Eryn Schultz, una ex supervisora de las tiendas de comestibles H-E-B, dejó su puesto tras identificar deficiencias en el plan 401(k) de la empresa, incluyendo una fórmula de contrapartida compleja, materiales educativos insuficientes en español y altas comisiones de fondos mutuos. Schultz, que tenía un máster en administración de empresas, trabajó para la empresa con sede en Texas, que emplea a más de 165.000 trabajadores, durante varios años en Houston y sus alrededores.
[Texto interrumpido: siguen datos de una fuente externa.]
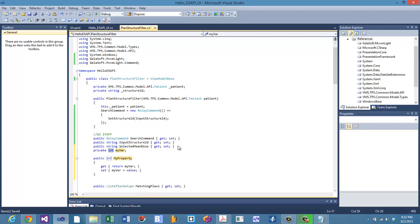That will create a backing variable. Tab through the fields and name it `selectedIndex`, with a capitalized `SelectedIndex` — that's the property we're going to bind to.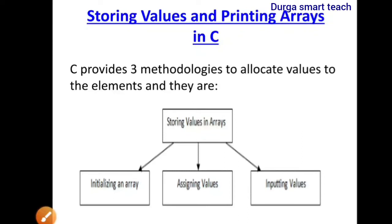Hello students, welcome to my channel. Today I am going to discuss about storing values and printing arrays in C.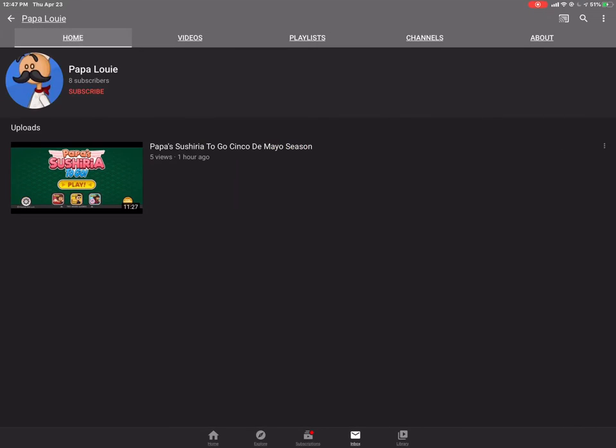Check his channel out. There's not that much right now, but I'm sure he'll add more as time comes. 8 subscribers, going good, going strong.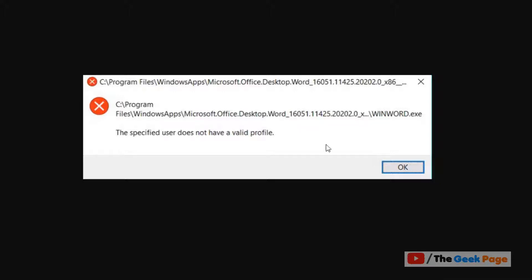If you are getting this error, 'the specified user does not have a valid profile' while running any app from Windows 10 store, here is the fix.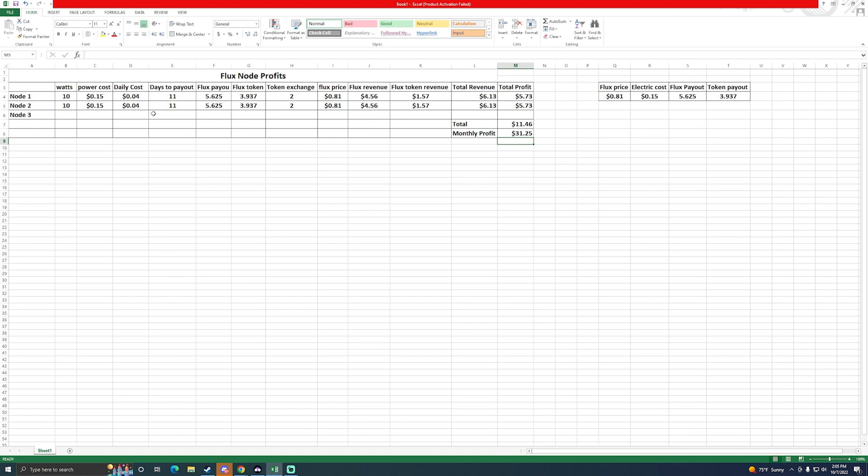I do have a Dell Optiplex mini PC that's supposedly going to run about 20 watts, so it's going to be about 8 cents a day to run. Now if you have bad electric, running nodes at your house uninterrupted may be hard to do, or if you have really bad internet. It'll probably be hard to do it. If you have solid internet, solid power grid, you don't really lose power that often, you can definitely run these at home if you have the bandwidth speeds and make a decent profit.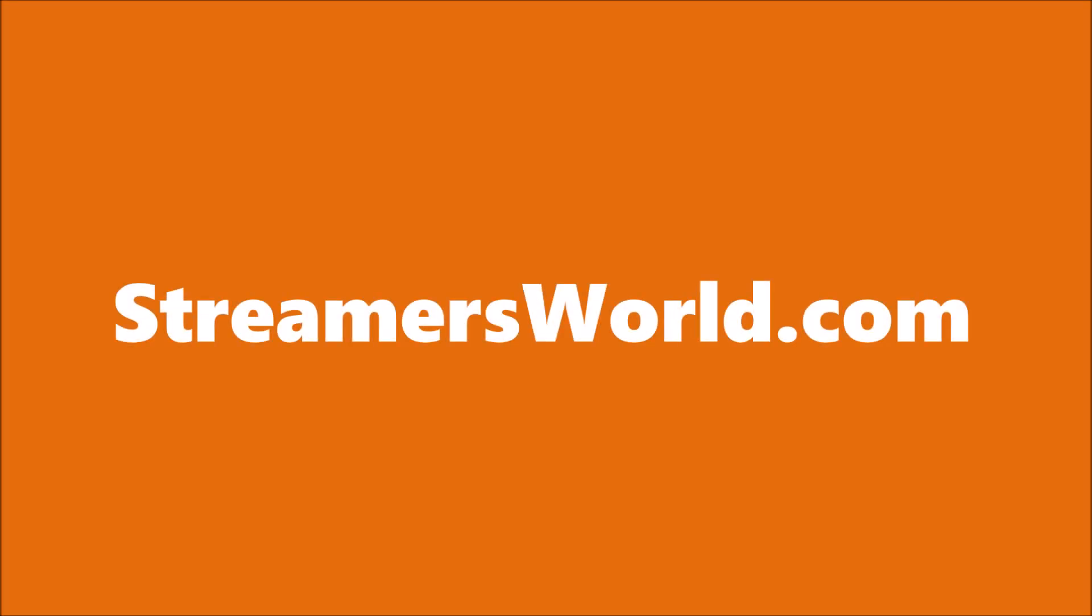I hope this video helped. If it did, please like and subscribe, or visit StreamersWorld.com.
Sus preocupaciones surgieron al observar que los empleados por hora tenían dificultades para comprender los beneficios del plan de jubilación de la empresa.
Schultz creía que la complejidad de la fórmula de contrapartida dificultaba la capacidad de los empleados para comprender plenamente el valor del beneficio. También observó la falta de recursos educativos adecuados en español, un idioma principal para muchos de los trabajadores de H-E-B. Además, Schultz consideraba que las comisiones asociadas a los fondos mutuos del plan eran excesivas.
"Algunos de mis empleados por hora no llegaban a comprender lo buena que era la contrapartida", dijo Schultz, añadiendo que la ausencia de materiales en español agravaba aún más el problema.
Tras identificar estos problemas, Schultz planteó sus preocupaciones a los responsables de la toma de decisiones del plan de jubilación. Sin embargo, sintió que sus preocupaciones fueron en gran medida desestimadas. Decepcionada por la falta de acción y enfrentándose a las exigentes horas de trabajo en el comercio minorista, Schultz renunció a su puesto de liderazgo en la tienda, supervisando los productos perecederos, aproximadamente un año después.
El plan 401(k) de H-E-B, como muchos de los que ofrecen los grandes empleadores, tiene como objetivo proporcionar a los empleados un vehículo para el ahorro y la inversión a largo plazo. Las contribuciones de contrapartida del empleador son una característica común destinada a incentivar la participación. Sin embargo, la eficacia de estos planes puede verse socavada por factores como el diseño complejo de los planes, las barreras de comunicación y las altas comisiones, según los analistas del sector. Estos factores pueden afectar de forma desproporcionada a los trabajadores con menores ingresos y a aquellos con una alfabetización financiera limitada.
Aunque las preocupaciones específicas de Schultz no se abordaron durante su mandato, la cuestión más amplia de la accesibilidad y la asequibilidad de los planes de jubilación sigue siendo un foco importante dentro del sector de los servicios financieros. Los expertos siguen abogando por diseños de planes más sencillos, una mejor educación financiera y comisiones más bajas para garantizar que los planes 401(k) sirvan eficazmente a las necesidades de todos los participantes. No está claro de inmediato si H-E-B ha realizado algún cambio en su plan 401(k) desde la marcha de Schultz.